Não é à-toa que os processos apontados - o encaixe narrativo, a intertextualidade, os jogos especulares desdobráveis nos semas de semelhança e diferenças (com predominância do segundo vetor), as duplicidades narrativas e imagéticas - medeiem, com maior ou menor intensidade, grande parte da fabulação dos contos da coletânea. As histórias são, pois, intermediadas por diversas formas de representação ficcional e diferentes modalidades discursivas: filmes, literatura, obras de arte, dança, música, que se imbricam suplementarmente. Pode ser apontado ainda como exemplo desse recurso o conto “Garrafas, pipas e internet”, cuja iniciação do personagem Bobô (uma espécie de Robson Crusoé urbano) com o mundo é mediada pela literatura e posteriormente pela internet. Destaca-se também “A voz de Inês”, que registra a fixação do escultor à sua obra inconclusa, a partir da qual passa a conduzir suas ações e filtrar o mundo E, por último, “Feliz natal, Berna. Feliz natal Berna”, em que a relação amorosa do casal de “duplos”, Bernardo e Bernadete, é pontilhada pela música de Jobim e pelos poemas de Florbela Espanca, para citarmos apenas estes.

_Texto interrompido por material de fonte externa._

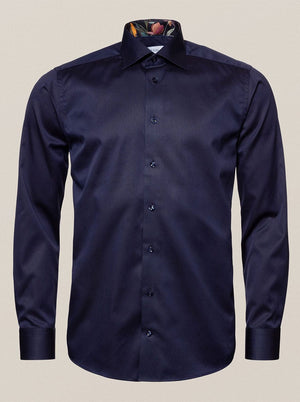 Eton Shirts Eton - Signature Twill Shirt - Floral Contrast Details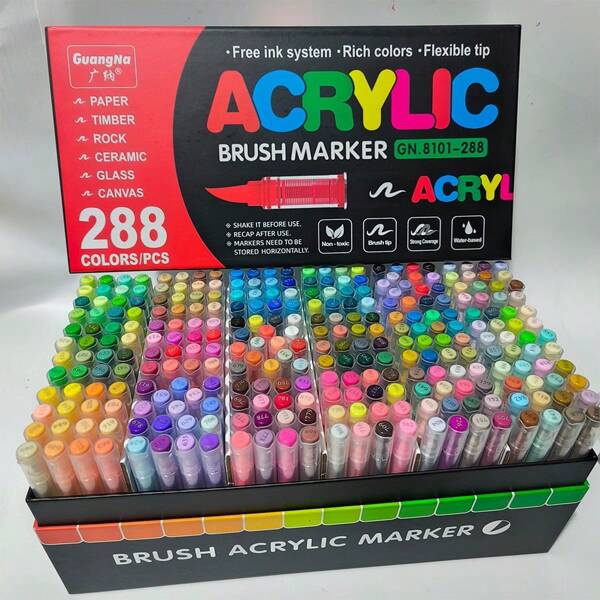 GuangNa New 288-Color Straight Liquid Acrylic Marker Pen Set, 288-Color Set + Storage Bag, Bright Colors, Quick Drying, Soft Brush Head For Smooth Writing, Suitable For Rock Surfaces, Wood, Plastic, Glass, Fabric, Metal, DIY Art Supplies, Back To School Supplies, The Best Choice For Back To School Gifts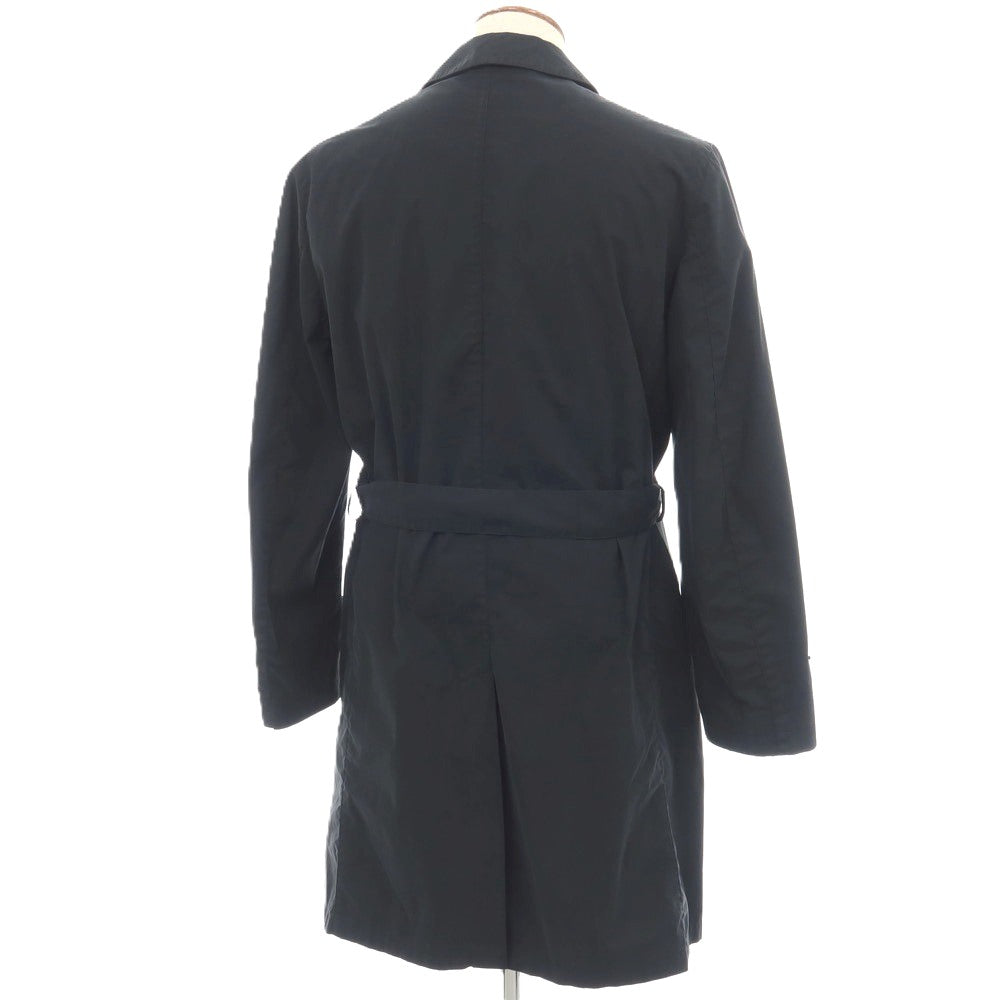 【中古】ジーゼニア Z Zegna コットンポリウレタン ベルテッド ステンカラーコート ブラックネイビー【サイズS/48】【 状態ランクC 】【 メンズ 】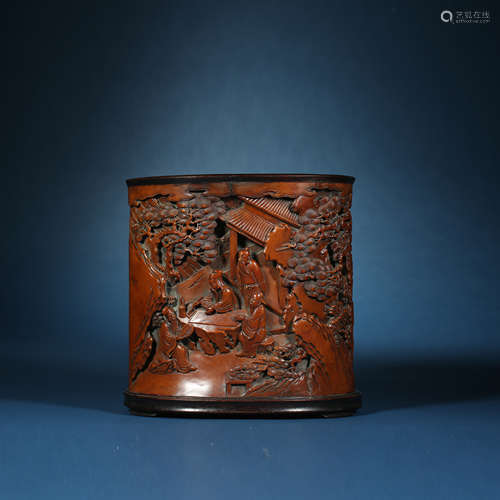 Qing Dynasty,Bamboo Carved Character Story Pen Holder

Ancorada em tais mecanismos ficcionais a obra articula-se à realidade social do mundo por ela selecionada e focaliza, através dos temas postos em relevo, as fraturas do sujeito na contemporaneidade e suas “representações ‘irreais’”[5]. Recorta, assim, os pequenos e grandes dramas da classe média urbana brasileira (é este o contexto explicitamente tematizado na maioria dos contos), dando-lhes uma outra configuração. Essa articulação possibilita melhor compreender o estatuto da mímesis em nossos dias não como “imitatio”, reflexo do real, nem como um mecanismo que presssupõe um divórcio entre arte e mundo, mas como uma forma específica de representação da sociedade, conforme as reflexões de Costa Lima[6]. Ao acionar, às vezes ainda canhestra e timidamente, no seu segundo livro, esse procedimento mimético, César Garcia desponta como um nome promissor da nossa contística contemporânea.

*Professora de Literatura Brasileira e Teoria da Literatura do Departamento de Letras e do Programa de Pós-graduação em Letras da UFPE.
[1] ISER, Wolfgang. Os atos de fingir ou o que é fictício no texto ficcional In: LIMA, Luiz Costa. Teoria da literatura em suas fontes. Rio de Janeiro: Civilização Brasileira, 2002, v.2, p.955-987.
[2] Segundo Iser (idem, ibidem, p. 958). a marca própria do ato de fingir, característica do ficcional, é “provocar a repetição no texto da realidade vivencial, por esta repetição atribuindo uma configuração ao imaginário, pela qual a realidade repetida se transforma em signo e o imaginário em efeito do que é assim referido”. Obviamente aqui a realidade vivida pela protagonista é já ela mesma um produto ficcional, o que acentua o jogo de fingimento no processo de encaixe da obra dentro da obra posto em prática pelo conto.
[3] A propósito da classificação das várias modalidades de mise en abîme,ver DÄLLENBACH, Lucien, Intertexto e autotexto In: JENNY, Laurent et al. Intertextualidades. Coimbra: Almedina,1979, p.51-76. (Poétique, 27).
[4] LIMA, Luiz Costa. Mímesis: desafio ao pensamento. Rio de Janeiro: Civilização Brasileira, p. 289.
[5] Idem; ibidem, p. 156.
[6] LIMA, Luiz Costa. Mímesis e modernidade: formas da sombra. Rio de janeiro: Graal, 1980, p .67-80.